Toronto’s new crusade to clean up the air

Gabor Maté has a few words about breathing dirty air in his city.

“It feels like the London Breath,” says the vice-chair of Toronto Public Health. It’s the name given to the World Health Organization’s International Study of Air Pollution – known colloquially as the London Breath – which recorded the highest concentrations of fine particles in people in the British capital in 2012.

Around the world, people are increasingly breathing air that’s made worse by poor public transport.

In places like Delhi and Mumbai, as well as in South-East Asia and China, vehicles generate the most toxic air, according to The World Health Organization. It’s a reality that also hits cities across North America, and about a third of all Canadian cities have been identified by the Public Health Agency of Canada as being on the path to “air quality catastrophes.”

By the time you check into your hotel room on a summer day in Toronto, you’ll be surrounded by that fine particulate of smoke as well as the dust of the desert whoosh past you. And, as we have seen with toxic coal-fired electricity plants in Paris and Beijing, the smog can be so deep in the atmosphere it makes national newspapers.

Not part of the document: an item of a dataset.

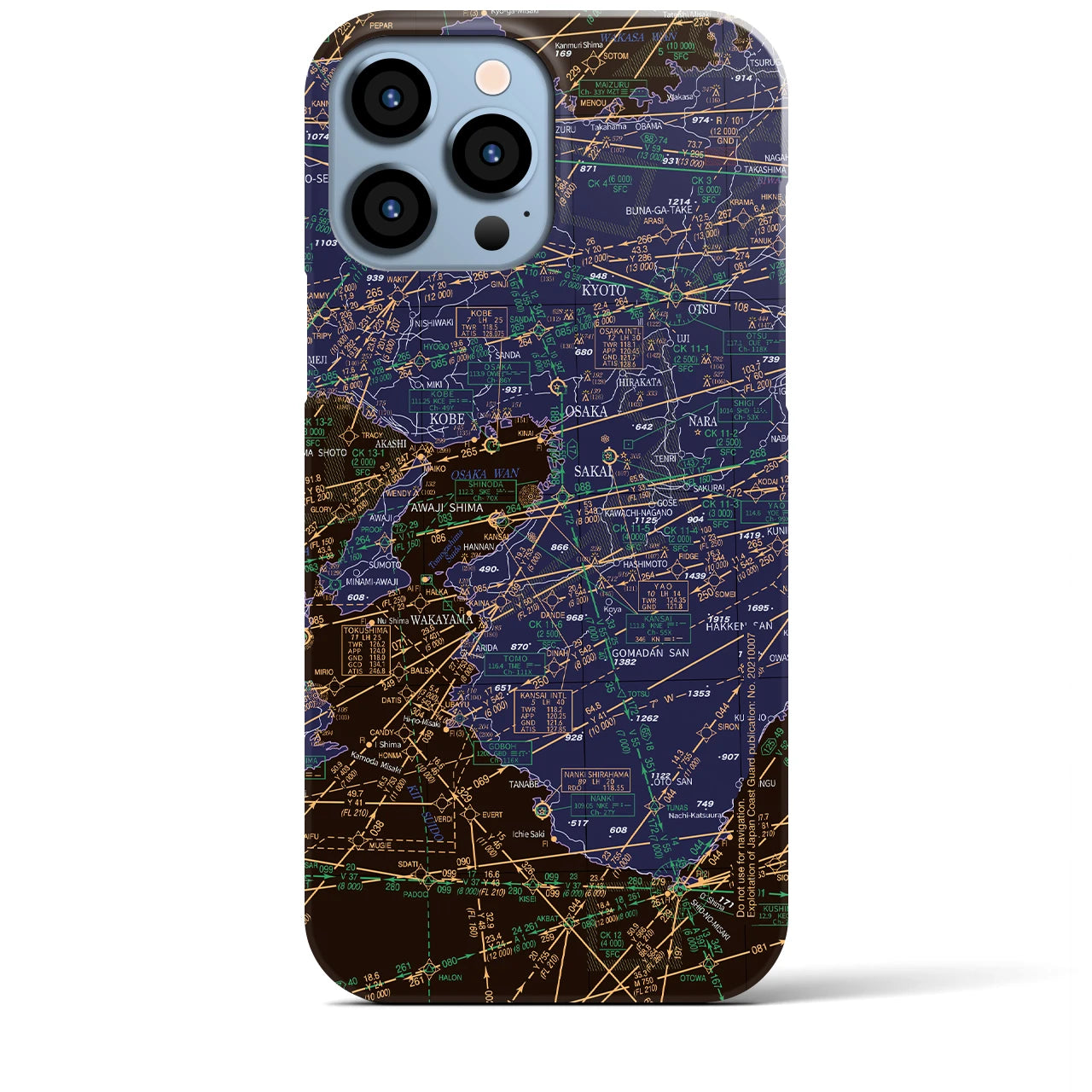 【大阪航空図(大阪府)】航空図iPhoneケース(バックカバータイプ)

“It is my contention that this is one of the worst places to live in North America,” Maté says. “It causes all sorts of health problems. There is no respite.”

Toronto has already achieved high levels of clean air thanks to the program it has in place to capture and contain emissions of the finer particles.

And, more recently, the city has upped its game by investing in green energy and electric buses, replacing oil-powered vehicles that for decades have been contributing to Canada’s highest mortality rate.

But that work won’t be finished any time soon. Poor urban planning has also made it harder to tackle for decades.

Imagine your house is made out of dirty wood, rotting leaves, broken nails or a pile of dead leaves, spilled coal, dirty gas, oven burners or anything you didn’t eat.

And imagine you have to go outside to breathe.